Reprocessing and interpretation of vintage seisimc reflection profiles in the offshore Campi Flegrei caldera

In this study, we reprocessed and interpreted seven vintage deep-seismic profiles acquired offshore Campi Flegrei by OGS in the 1970s (Finetti and Morelli, 1974), whose potential could not be fully exploited at the time due to technological limitations. The reprocessing of vintage seismic reflection data represents a valuable scientific opportunity, particularly in geologically complex settings such as the Campi Flegrei area. Despite the complexity of the subsurface, deep geophysical exploration in the area has thus far relied mainly on potential-field methods and passive-source seismic tomography, both of which lack the resolution required to unravel the subsurface architecture at depth. Our main goal was to enhance the signal-to-noise ratio and improve depth imaging of these offset-limited datasets using the Common Reflection Surface (CRS; Zhang et al., 2001; Deidda, 2012) method alongside pre-stack migration techniques (Yilmaz, 2001).

The CRS technique improves subsurface imaging by increasing the signal-to-noise ratio, reflector continuity, and the visibility of dipping events. Unlike traditional common-depth-point (CDP) stacking, it accounts for lateral heterogeneities and dipping structures by using additional kinematic parameters and integrating information from adjacent CDP gathers (Deidda, 2012). By summing amplitudes along reflector segments, CRS produces higher-quality common-offset gathers suitable for the application of pre-stack migration methods (Garabito et al., 2012), particularly when the aim is to improve overall depth imaging rather than resolve subtle details. This is especially relevant because pre-stack depth migration (PSDM; Yilmaz, 2001) yields more reliable seismic images in volcanic environments, where strong vertical and lateral velocity variations and structurally complex subsurface conditions make the assumptions underlying post-stack migration unrealistic. On the other hand, PSDM requires robust and well-constrained velocity models.

The initial velocity model for PSDM was subsequently refined using the iterative Deregowski Loop approach (Deregowski, 1985, 1990). This method relies on common-offset binning of pre-stack data to identify velocity errors and suppress noise and unwanted lateral reflections, followed by Kirchhoff depth migration.

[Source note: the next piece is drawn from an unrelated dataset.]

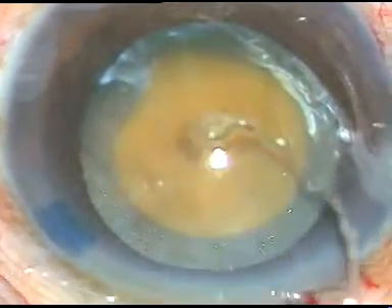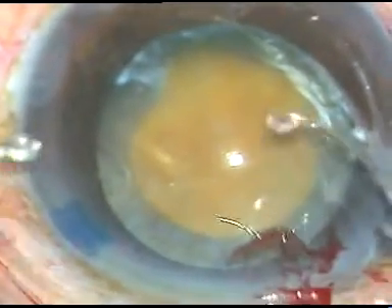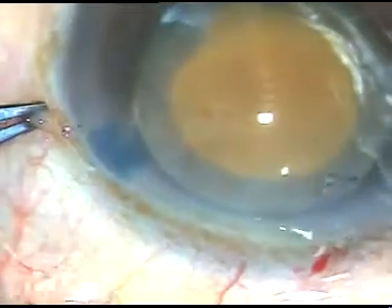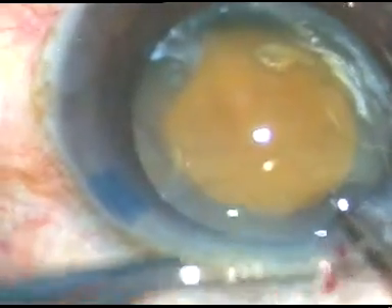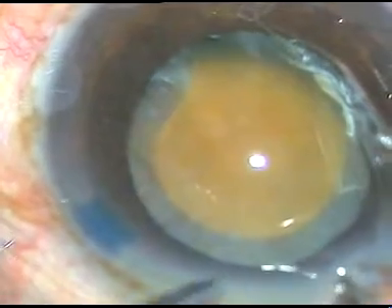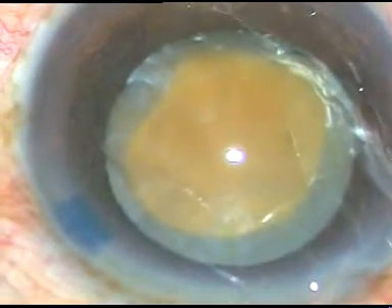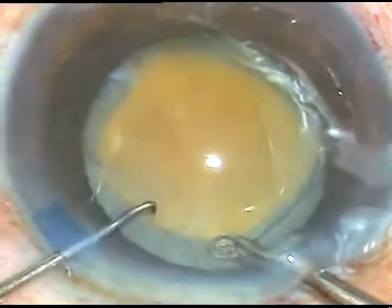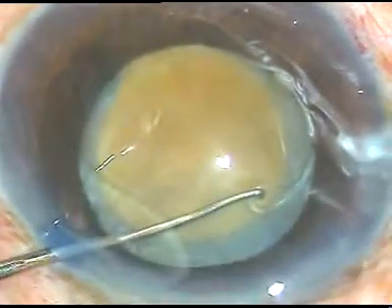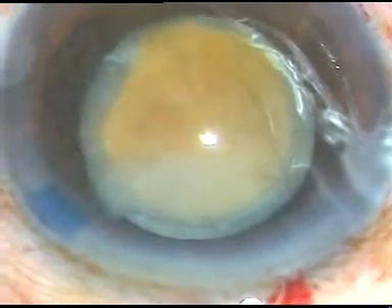The zonule may be weak, so a capsular tension ring (CTR) is being placed to support the capsular bag. The leading end goes into the capsular bag. The CTR is gradually pushed into the bag. When the trailing end comes, I hold very close to the trailing eyelet, take a Szynski hook, introduce the prong into the eyelet, and gently place it in the equatorial region of the capsular bag. The CTR has been placed in the capsular bag.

Starting from an initial velocity model, refinement is carried out through the analysis of Common Image Gathers (CIGs), where residual moveout (RMO) is evaluated using semblance functions.

The combined use of CRS and PSDM in this work proved particularly effective in improving the imaging quality of the vintage profiles. This approach enabled the construction of a consistent velocity model and the effective use of seismic data for a better understanding of the geological and structural framework of the study area. The integration of CRS and PSDM also ensured coherent results and good comparability among the different seismic lines, providing a robust basis for geological interpretation. The reprocessed data support a reconstruction of the subsurface at considerable depth, allowing the identification of fault structures, volcanic edifices, explosive eruptive sequences, and preferential gas-leakage pathways. Reliable seismic imaging from reflection-seismic exploration data is essential to avoid interpretative ambiguities in the Campi Flegrei caldera, a highly complex volcanic system influenced by rising magmatic fluids, pervasive faulting, and intrusive bodies buried beneath younger volcaniclastic deposits.